Terre de profondeur
Terre cuite, Palais de Tokyo 2013, "All that falls"
Photographie André Morin
Présentée à l’origine au Centre international d’art et du paysage de l’île de Vassivière, l’œuvre de Dominique Ghesquière faisait resurgir un paysage disparu, inondé en 1950 pour créer un lac artificiel. Réalisé en terre cuite, ce sol desséché remonte comme un souvenir enfoui qui refait surface. Il est la mémoire du sol toujours disparu. Le sol sous nos pieds en recouvre toujours un autre, passé, ancien, originel. Paradoxe des matières : ce sol d’aspect friable a été réalisé dans un matériau d’une grande dureté qui permet de le fouler sans dommages. Son réseau de craquelures et de crevasses fait obstacle à la marche, nous obligeant à regarder où nous mettons nos pieds.
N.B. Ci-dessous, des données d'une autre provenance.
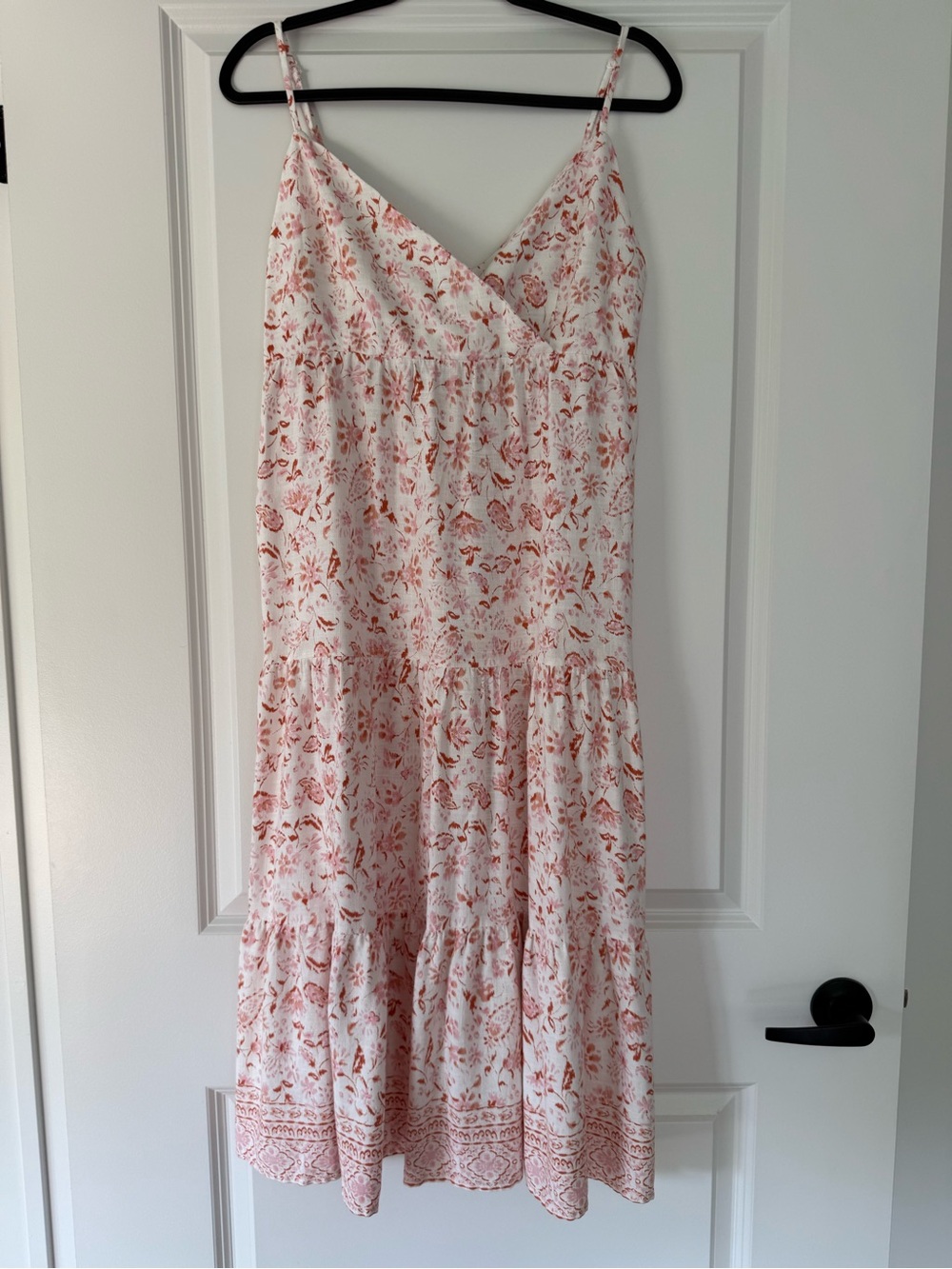 Dex White Maxi Dress with Pink Floral Print and Spaghetti Straps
Pour l’homo erectus, accoutumé depuis longtemps à marcher la tête dans les étoiles, le regard à l’horizon, il nous faut d’un coup baisser les yeux. Le « par-terre » nous saute aux yeux comme un rappel de ce temps où nous courrions au ras de la Terre Mère, le nez au plus près des odeurs. Terre de profondeur (2013) s’étend devant nous, sous nous, comme la mémoire de ce temps animal d’avant notre verticalisation, où Freud voyait le commencement du procès de civilisation.